According to Hathaway, the US information technology sector accounted for 2.8% of employment in 1980 and 2.7% in 2015. There are higher estimates but direct employment typically is in low single digits.

In the European Union Eurostat defines “high growth” as 10% expansion in revenues compared with the OECD’s 20% and the statistics office says that 15% of HGFs are in the Information and Communication sector.

A survey by the Kauffman Foundation of 479 companies from the 500|5000 database in 2013 showed that only about 6.5% of them had raised venture capital. The entrepreneurship think-tank also studied the performance of firms on the list 5 to 8 years later and found that two-thirds had either failed, shrunk or had been acquired by another firm.

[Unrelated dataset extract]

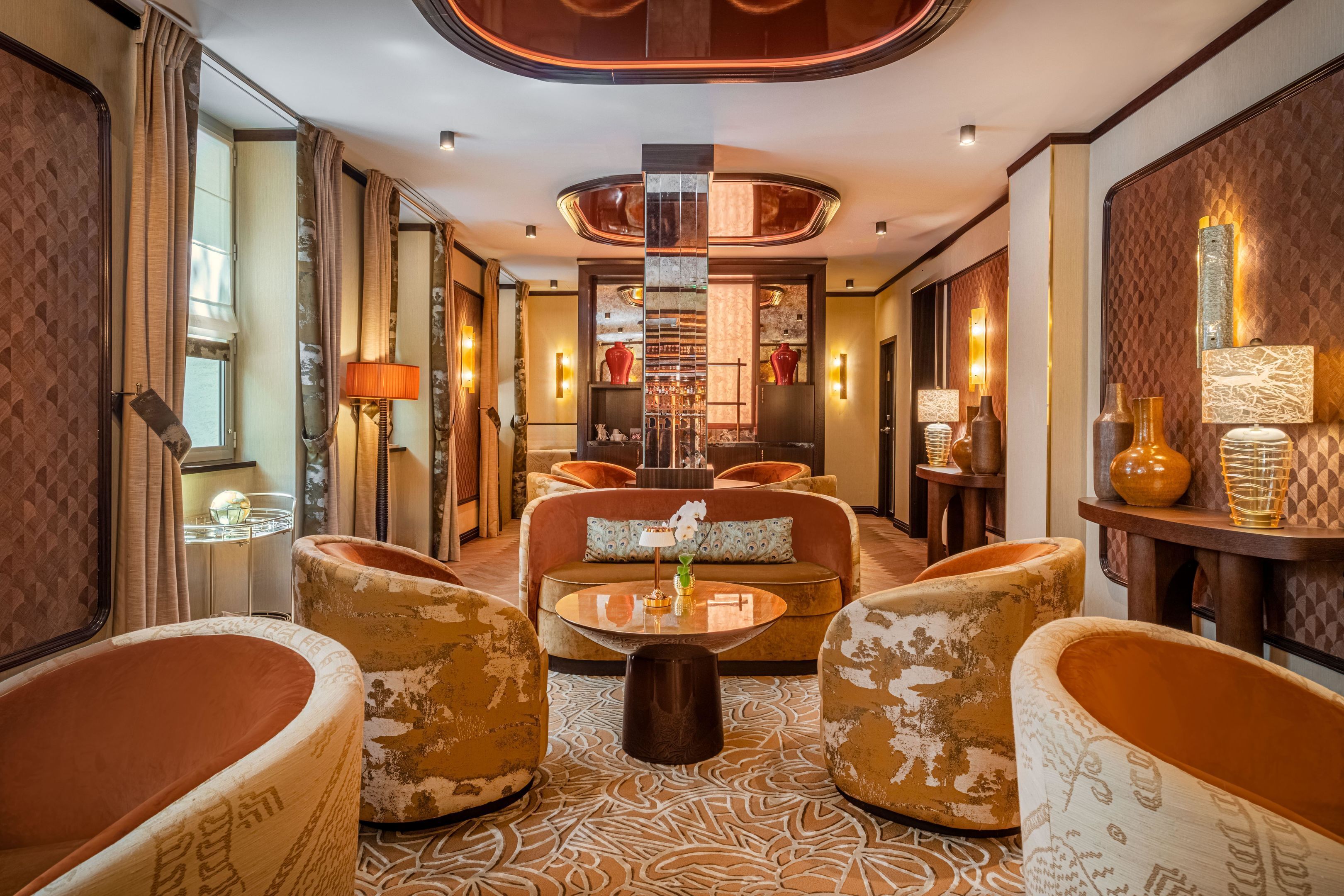 A hotel lobby with a central seating area, a bar, and a decorative wall.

According to Inc. magazine:

Most companies on the Inc. 5000 are not startups. In fact, 80% of companies (18,863) were at least 7 years old when they first made the list. The median revenue of companies on first appearance was under US$6.9m… When it comes to headlines, startups with spectacular growth get the glory. But a lesson from Inc. 5000 companies is that business success is a marathon, not a sprint…only 3 companies ― Total Quality Logistics, G&A Partners and Skoda Minotti ― appeared on Inc. lists 13 times (including multiple appearances on the Inc. 500). Many sustained growth companies occupy the bottom 40% of the list, year after year without much glory. For many of these companies, the law of large numbers comes into play: Their base revenue is high, so percentage sales growth is not as high.”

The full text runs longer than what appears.